Avec cette phrase choc, Jésus nous propose une théologie : Dieu n'a aucune intention de faire du mal aux méchants mais il fait tout pour que chacun ait une chance de s'épanouir.
Si Noël est la fête de ce que Dieu nous donne en Christ, Noël pourrait nous inviter à accueillir encore un petit peu plus profondément cette théologie et cette façon d’être que le Christ a portées. Il me semble que nous avons là le cœur de l’Évangile (et l’Évangile du cœur qu’incarne Jésus-Christ). Le témoignage qu’il exprime ici dans sa prédication, Jésus de Nazareth l’a porté par bien des gestes au cours de sa vie, y compris par sa mort. Ce témoignage porte un éclairage sur nos conceptions de Dieu, sur notre idée de la justice, sur nos actions, sur nos désespoirs aussi, et sur notre espérance.
Cette lumière, comme le dit ce verset, se lève sur chacun. Elle s’est levée sur les méchants, ou plutôt sur notre part de méchanceté à tous, qui profitons de cette bienveillance de Dieu pour continuer à vivre au mépris de Dieu, des autres, et finalement au mépris de nous-mêmes aussi. Cette lumière s’est levée également sur les justes, encourageant la moindre étincelle de bonté en nous.
Cette date symbolique qu’est Noël convient bien pour dire cette ambiguïté de toute vie en ce monde, et nous encourager à recevoir cette lumière donnée en Christ. En effet, Noël est à peu de chose près la journée la plus sombre de l’année dans l’hémisphère nord, et à partir de Noël, le jour augmente insensiblement, de quelques pincées de secondes par jour. La venue du Christ dans le monde est ainsi présentée comme ce soleil de l’amour de Dieu « pour les méchants et pour les bons », comme une montée en puissance insensible mais bien réelle des effets de cet amour en nous.

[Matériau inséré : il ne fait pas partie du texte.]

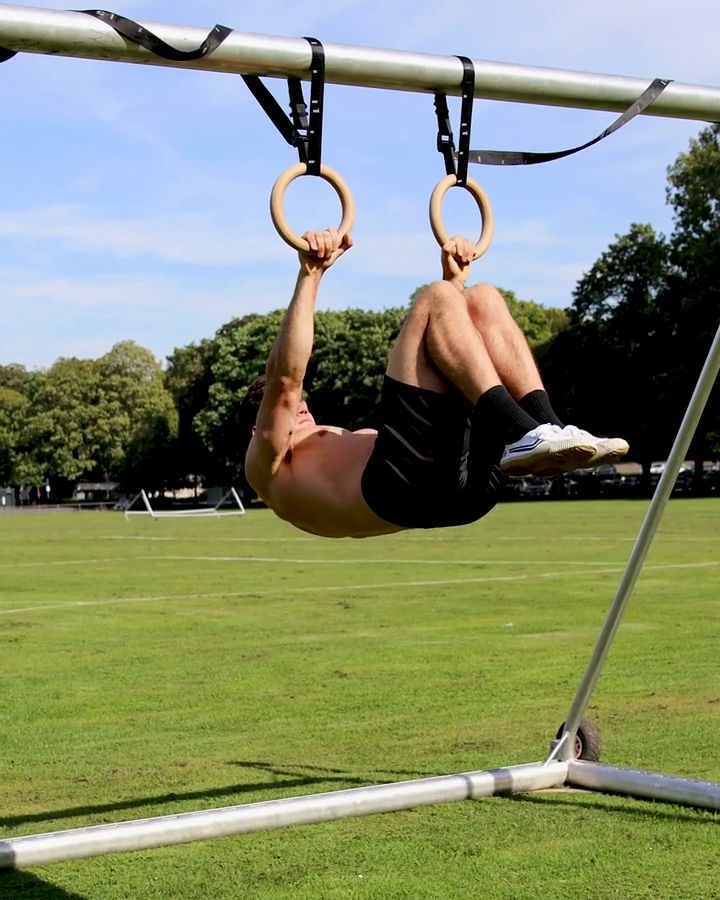 Negative Tuck Front Lever with gym rings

Il est parfois difficile de suivre ce chemin que Jésus nous propose ici, en particulier dans l'urgence de situations dramatiques. Mais il n’est pas question d’être parfait dès demain matin, mais simplement de gagner quelques secondes de lumière en plus, comme le jour de Noël, d’arrêter de stagner ou de nous assombrir encore. Selon ce texte, nous n’avons pas à créer nous-mêmes ce cœur, ce regard, cette vie qui aime véritablement. Mais Jésus parle d’une naissance, la nôtre comme enfant de ce Dieu qui aime sans condition. Jésus nous propose ici un programme d'amour en quatre verbes : aimer, bénir, faire du bien, et prier. Et il nous dit que nous pouvons compter sur Dieu pour être bénéficiaires de ce programme qu’il offre à chacun :
- Aimer : c'est avoir un regard positif sur l'autre, sur notre vie, sur nous-mêmes, sur le monde, sur Dieu. Au-delà de ce qui ne va pas, ce programme met en lumière plutôt ce qui est bon, et en laissant le temps de devenir meilleur encore. Espérant que du mieux advienne.
- Bénir : c'est dire du bien, et le dire ouvertement, le dire au nom de Dieu, et travailler avec lui en faveur de ce qui est béni.
- Faire du bien pour grandir l'autre, grandir notre idée de Dieu, notre intelligence de la vie, et l’enfant de Dieu que nous sommes tous et toutes.
- Prier : après avoir fait ce que l'on a pu pour aimer, dire du bien et faire du bien, nous pouvons remettre la suite à Dieu. Comme celui qui a semé la graine espère la pluie et le soleil, nous pouvons prier Dieu pour l'autre, pour les autres, pour ce monde et pour nous-mêmes. Car Dieu est un formidable démultiplicateur, une stupéfiante source de miracles inattendus.
Le Christ est la véritable lumière qui, venant dans le monde, éclaire toute personne, tout dans chaque personne. Cette lumière est venue chez les siens, et les siens l’ont à la fois reçue et non reçue. Mais à tous ceux qui l’ont reçue elle a donné le pouvoir de devenir enfants de Dieu (Jean 1:9-13).
Fêtons donc joyeusement ensemble la naissance de ces enfants de lumière, enfants de Dieu.